Un bon article dans le Monde :
http://www.lemonde.fr/web/article/0,1-0 ... 080,0.html
Dans des affaires aussi anciennes et aussi passionnelles que l'affaire Seznec, la justice a toujours le choix. S'obstiner ou faire preuve d'humanité. Comme elle n'aime pas se contredire, elle a pris le risque de se voir reprocher son inhumanité. Cela faisait la quatorzième fois que la justice était saisie d'une requête destinée à réhabiliter Guillaume Seznec, condamné le 4 novembre 1924 aux travaux forcés à perpétuité par la cour d'assises du Finistère pour le meurtre d'un ami, Pierre Quemeneur, conseiller général de Sizun. Quatre-vingt- deux ans que lui-même et ses descendants se sont battus pour faire reconnaître son innocence.
Au fil des années, l'affaire Seznec a quitté le terrain du droit, des faits et de leur interprétation, pour devenir le symbole de la bonne - ou mauvaise volonté - de la justice à reconnaître ses erreurs. Les politiques ont beaucoup oeuvré dans ce sens en adoptant en 1989 une loi assouplissant les conditions de révision des affaires criminelles, la "loi Seznec". En 2001, Marylise Lebranchu, alors ministre de la justice et élue socialiste du Finistère, avait elle-même déposé la requête que les magistrats de la Cour de révision ont rejetée jeudi.
Les politiques n'ont pas été entendus. Ni l'opinion, émue par l'obstination et la passion mises par Denis Le Her-Seznec à obtenir la réhabilitation de son grand-père.
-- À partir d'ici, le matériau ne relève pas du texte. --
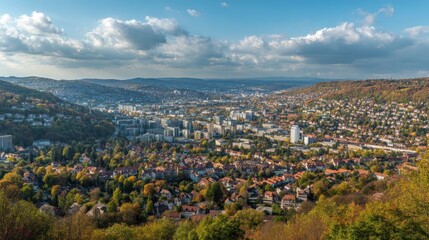 Obraz premium Cityscape panorama from above with autumnal trees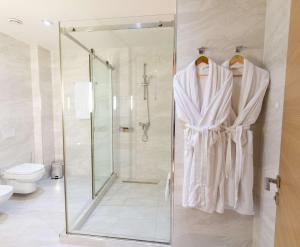 a bathroom with a shower and a toilet at Best Western Premier Ark Hotel in Tirana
A lire attentivement les quarante pages de la décision rendue publique jeudi, on pourrait avoir le sentiment que la Cour de révision répond point par point, de manière argumentée, aux demandes des requérants. Ce n'est pas si évident. Les magistrats font fi, à plusieurs reprises, de certains éléments troublants qui auraient pu les inciter à rendre une décision inverse. Le 5 octobre, lorsque la Cour de révision s'est réunie pour entendre les ultimes arguments des uns et des autres, ces éléments avaient ainsi conduit le représentant du parquet à demander que la mémoire de Guillaume Seznec fût réhabilitée, au bénéfice du doute.
Il n'y a pas de fait nouveau permettant de blanchir l'ancien négociant en bois de Morlaix, a tranché la Cour. Que les débats au sein de cette formation collégiale aient été serrés importe peu. Le résultat est là. La justice suscite, une nouvelle fois, le doute sur sa capacité à être à l'écoute des petits. Parmi ceux qui entouraient Denis Seznec jeudi à la Cour de cassation figuraient Patrick Dils, innocenté du double meurtre de Montigny-lès-Metz, et trois condamnés de l'affaire d'Outreau, innocentés eux aussi. Leur présence symbolique démontre à nouveau que la justice est prête à condamner un innocent plutôt que de donner le sentiment de céder à l'opinion ou à la pression médiatique. Cette démonstration serait plus convaincante si l'indépendance de la justice n'était trop souvent mise en doute lorsqu'elle se mêle de juger les puissants.